The term is explained in the introduction.
2.2:
There are 6 variables in the dataset, but 3 out of the 5 variables are composites? Surely both of these statements cannot be correct.
What is the amount of total variance explained by the factor used?
The standardization was done with the white subsample. Does anything change if standardization is done on the full sample, or blacks+whites?
You are right. I meant 6.
68%, but it is hardly worth reporting for this analysis.
Differences become smaller if one uses a larger sd. The sd is larger if one uses a mixed sample. It is customary to use the White sd/norms for the calculation of group differences.
3.2:
It is rather unclear what was done and what were the results.
What is unclear to you? I changed the wording slightly.
Paper updated.
So, I managed to convince Helmuth to give me all the Vietnam data! So we will be releasing this as a dataset paper.
Looking at the full data is more interesting, and allows for novel analyses. Believe it or not, the complete dataset actually has item level data for many of the cognitive tests. This allows for direct IRT-based analysis of test functioning across groups. A much stronger test than Jensen's method at the test level.

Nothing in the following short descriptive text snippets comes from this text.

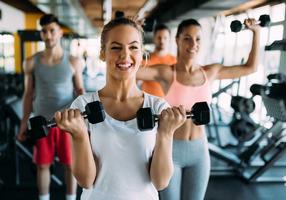 Gruppe junger Leute beim Hanteltraining im Fitnessstudio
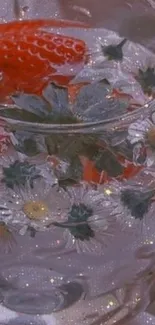 Close-up of strawberries and daisies in a sparkling glass.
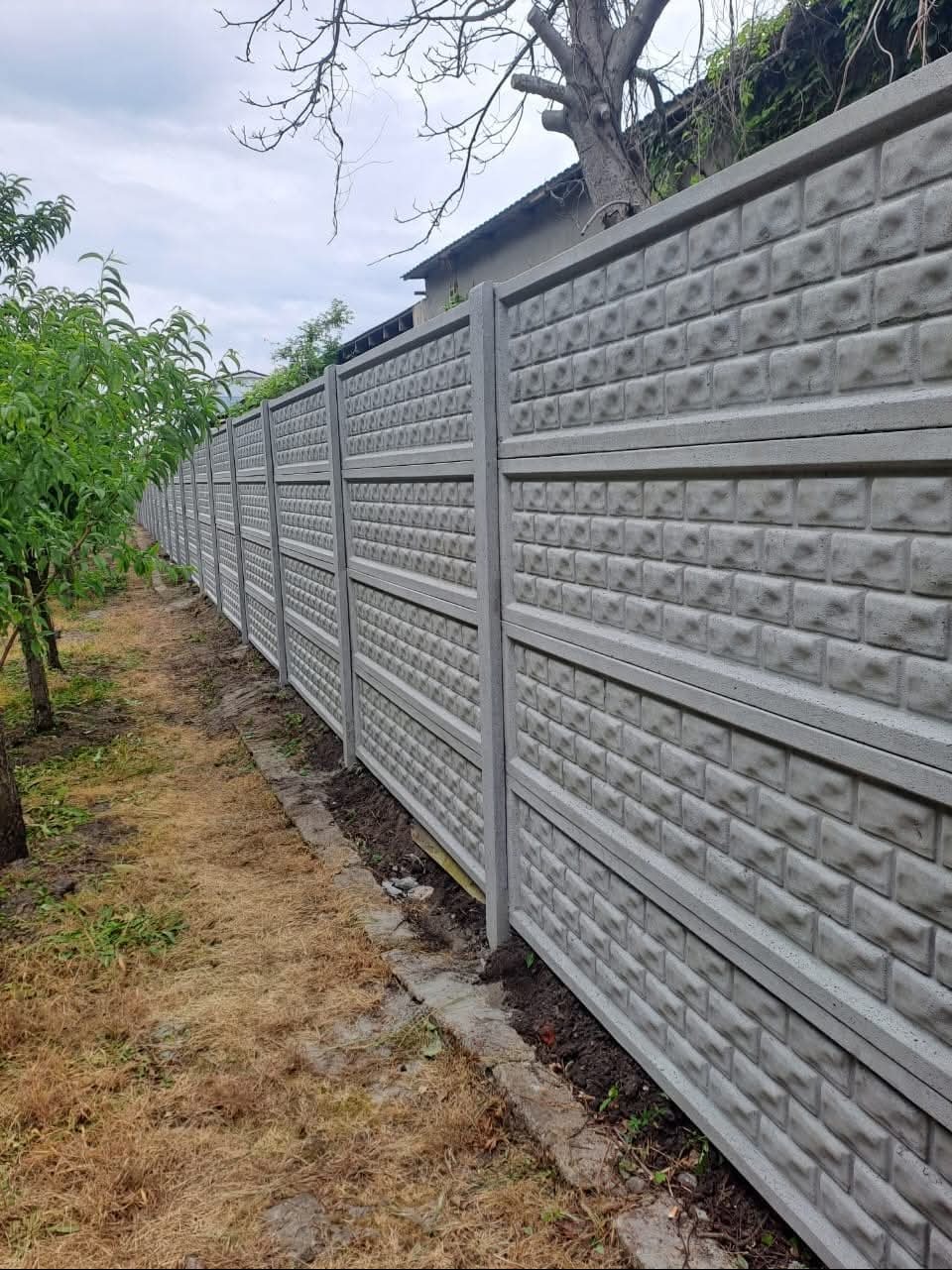 Długi, szary, betonowy płot z wzorem cegieł, ciągnący się wzdłuż trawnika z młodymi drzewkami. Widok z boku, pochmurne niebo w tle.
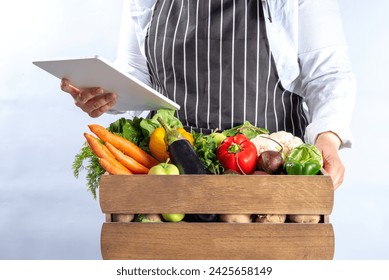 Farm organic market shopping concept, Wooden box with summer, autumn raw vegetables and fruits, in farmer womans hands on white background - Powered by Shutterstock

It also means that this paper is currently being heavily revised, so there's no point in commenting more on it for now. Withdrawn for now.
Looking at the full data is more interesting, and allows for novel analyses. Believe it or not, the complete dataset actually has item level data for many of the cognitive tests. This allows for direct IRT-based analysis of test functioning across groups. A much stronger test than Jensen's method at the test level.
It also means that this paper is currently being heavily revised, so there's no point in commenting more on it for now. Withdrawn for now.